En bref

  • Microsoft révise son advisory le 28 avril 2026 : CVE-2026-32202 confirmée comme exploitée en environnement réel
  • Coercition d'authentification zero-click via fichiers LNK auto-parsés, vol de hash NTLM
  • Patch Tuesday d'avril 2026 corrige la faille, déploiement immédiat recommandé

Les faits

Microsoft a mis à jour ce 28 avril 2026 son advisory pour la CVE-2026-32202, une faille de spoofing dans Windows Shell, en y ajoutant la mention d'une exploitation active observée en conditions réelles. La vulnérabilité avait été initialement publiée le 14 avril dans le Patch Tuesday d'avril, avec un score CVSS de 4.3 jugé modéré et marquée comme non exploitée.
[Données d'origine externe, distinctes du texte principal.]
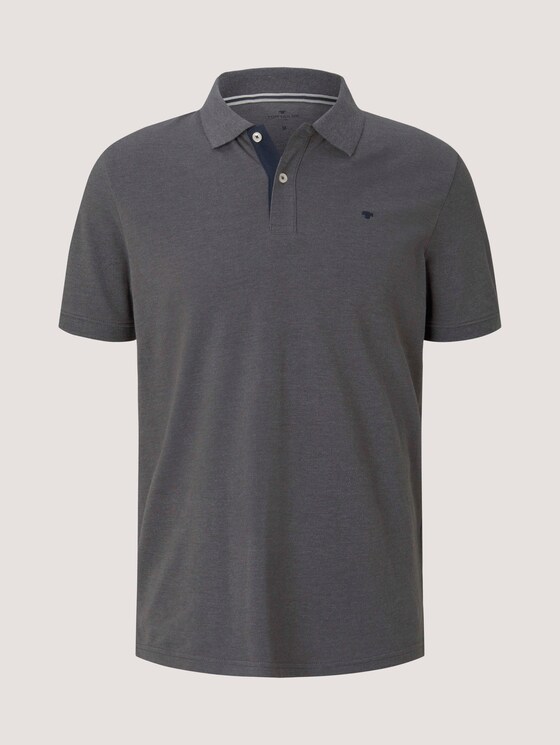 Polo shirt with an embroidered logo - Men - Anthracite Melange Polo shirt with an embroidered logo - Men - Anthracite Melange - 7 - TOM TAILOR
La révision change la priorité de déploiement : le patch passe de cycle de maintenance standard à correctif d'urgence pour tous les postes Windows.

La faille est issue d'un correctif incomplet de la CVE-2026-21510, une RCE corrigée en février 2026. Le chercheur d'Akamai Maor Dahan a démontré que le patch initial bloquait l'exécution de code mais laissait persister un mécanisme de coercition d'authentification : un fichier LNK forgé, simplement présent dans un dossier visualisé par l'Explorateur, peut déclencher la résolution automatique d'un chemin UNC pointant vers un serveur SMB contrôlé par l'attaquant. La machine victime envoie alors ses identifiants NTLM sans aucune interaction utilisateur.

Impact et exposition

Le scénario d'exploitation est connu et redoutable : un fichier .lnk déposé dans un partage réseau, une pièce jointe extraite, ou un téléchargement de navigateur suffit. Dès que l'utilisateur ouvre le dossier contenant le fichier, Windows tente automatiquement de récupérer l'icône via le chemin UNC embarqué, ce qui déclenche la connexion SMB et le hachage NTLM. L'attaquant capture ensuite ce hash pour le rejouer (NTLM relay vers un service interne) ou le casser hors-ligne pour récupérer le mot de passe en clair.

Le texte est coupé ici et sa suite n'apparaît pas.